_Task_
Starting from the top of the entries below and ending with the line containing "Detail of a", restate every line word for word, pictures omitted.

(Caption-style text data)
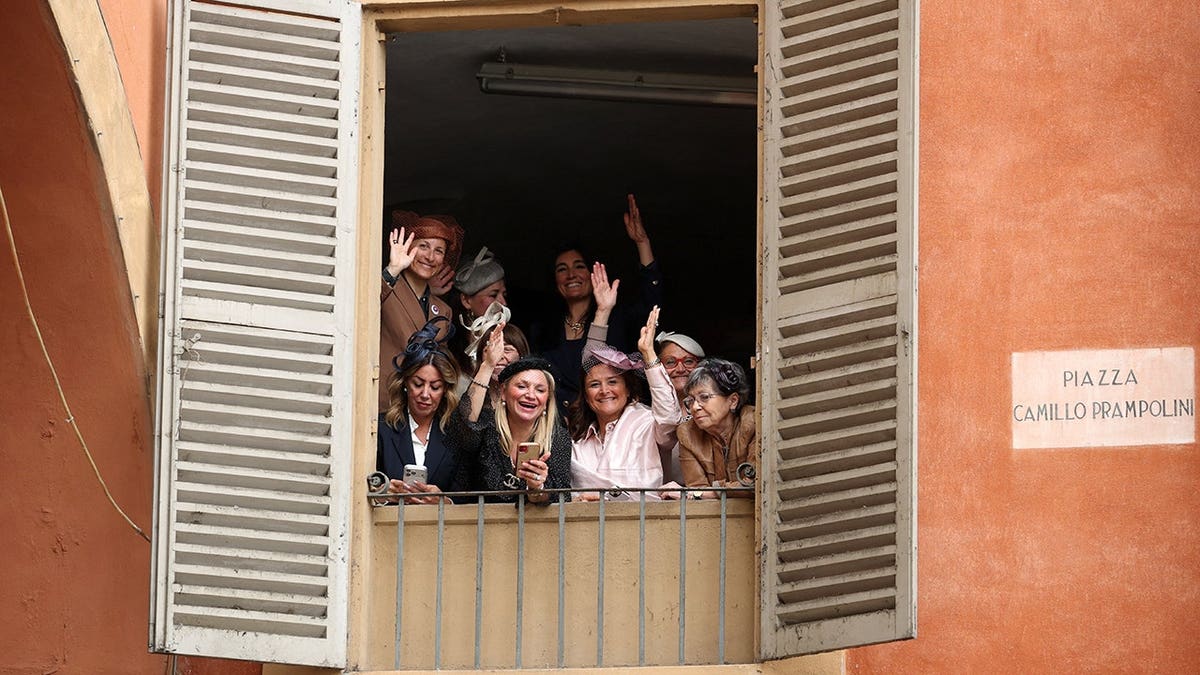 Women gesture from a window in Reggio Emilia, Italy, ahead of Princess Catherine's arrival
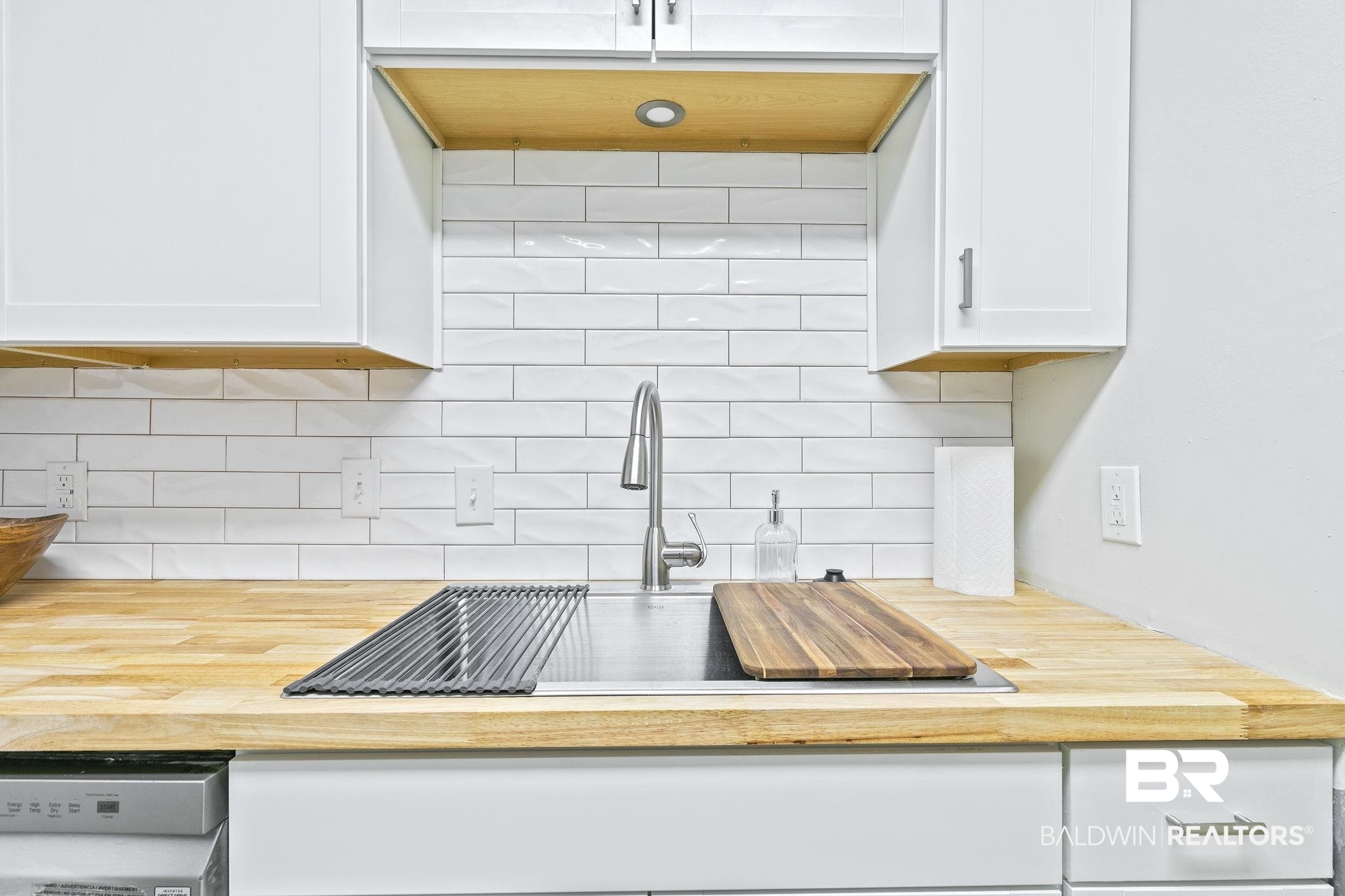 110 5th Street, Unit C103 Daphne, AL 36526 - Photo 21 of 46 Kitchen with white cabinetry, stainless steel dishwasher, and backsplash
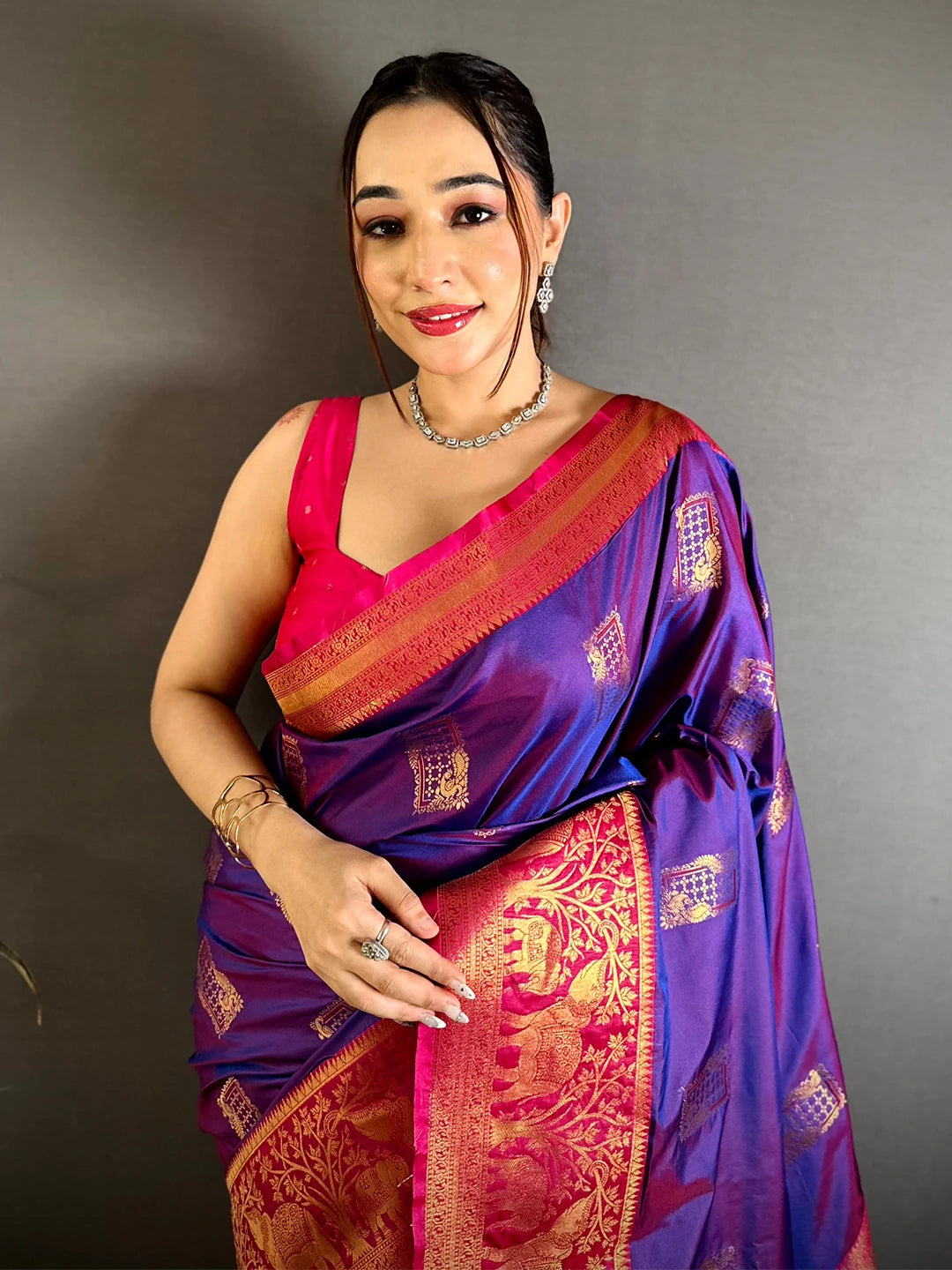 purple soft silk woven butta saree, front drape on model with pink Kanchi-style border and pink blouse piece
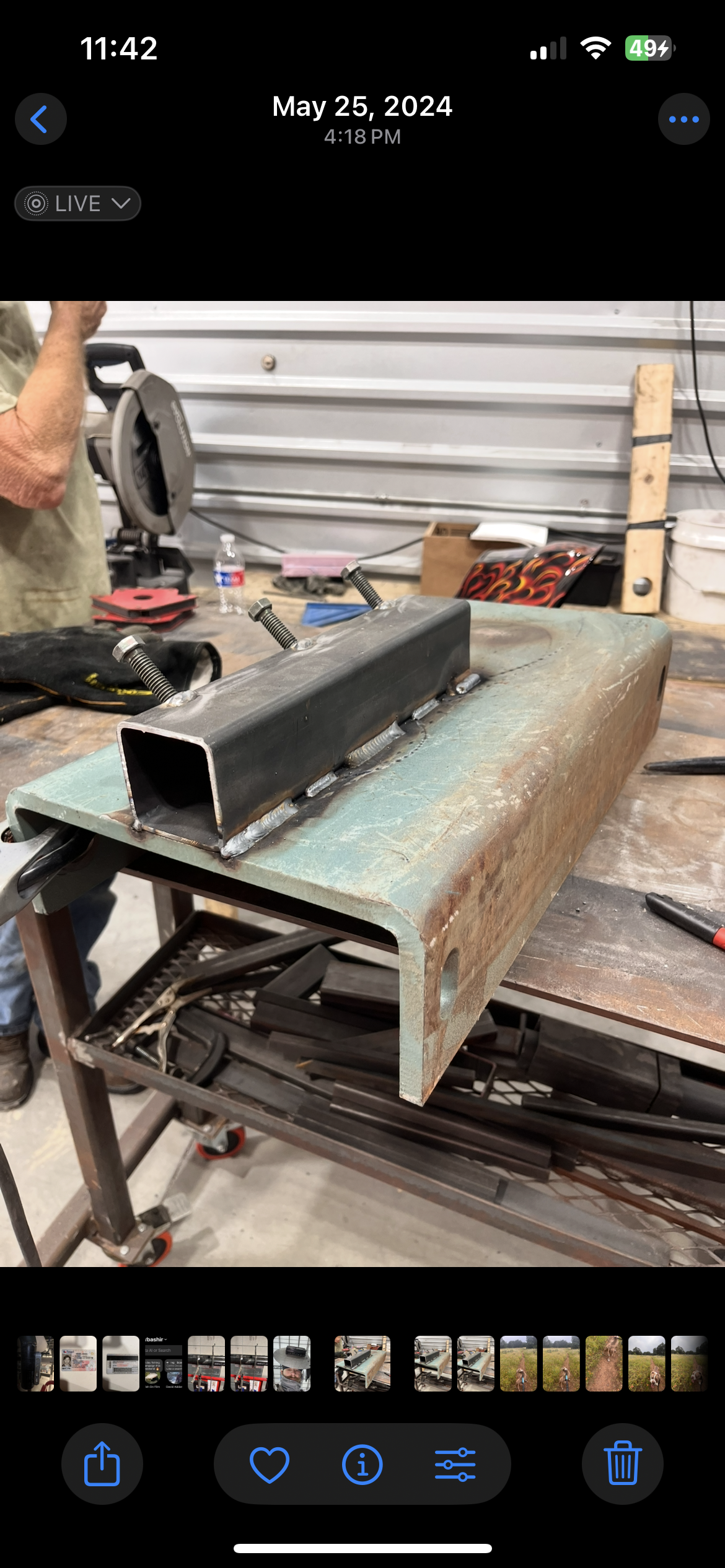 A metal rectangular tube welded onto a black metal base, with three bolts protruding from the top. The setup is on a workbench in a workshop, with tools, a water bottle, and a person holding a saw in the background.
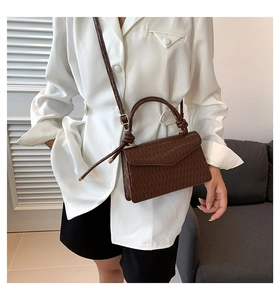 Detail of a brown pleated crossbody bag with a knotted handle and structured square shape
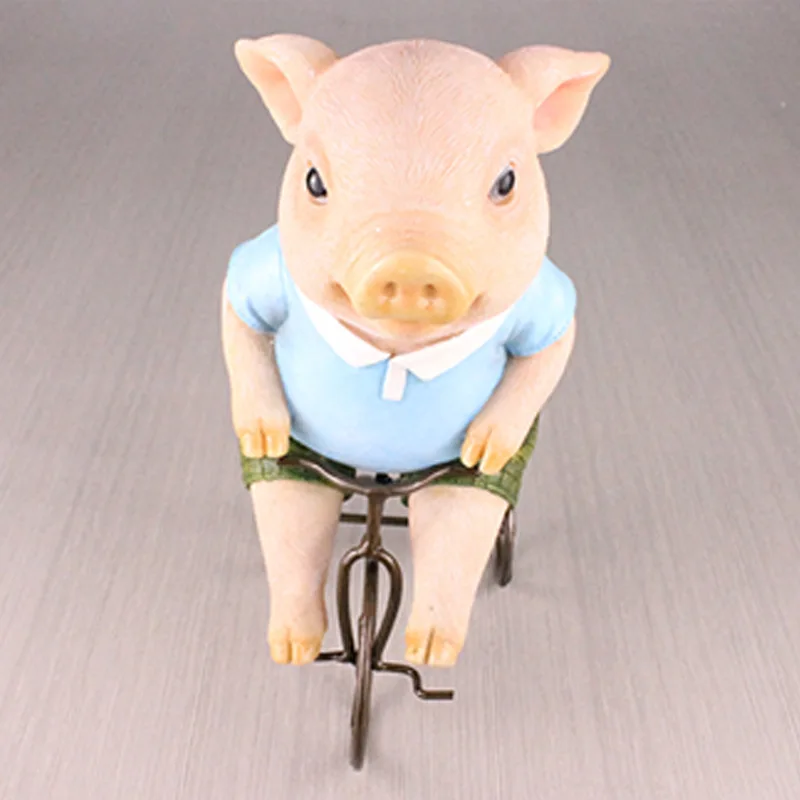 

Creative Resin Pig Brown Bear Riding a Bicycle Figurines Home Decoration Wedding Gifts Living Room Bedroom Animal Figures Decor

_Solved exercise_
 Women gesture from a window in Reggio Emilia, Italy, ahead of Princess Catherine's arrival
 110 5th Street, Unit C103 Daphne, AL 36526 - Photo 21 of 46 Kitchen with white cabinetry, stainless steel dishwasher, and backsplash
 purple soft silk woven butta saree, front drape on model with pink Kanchi-style border and pink blouse piece
 A metal rectangular tube welded onto a black metal base, with three bolts protruding from the top. The setup is on a workbench in a workshop, with tools, a water bottle, and a person holding a saw in the background.
 Detail of a brown pleated crossbody bag with a knotted handle and structured square shape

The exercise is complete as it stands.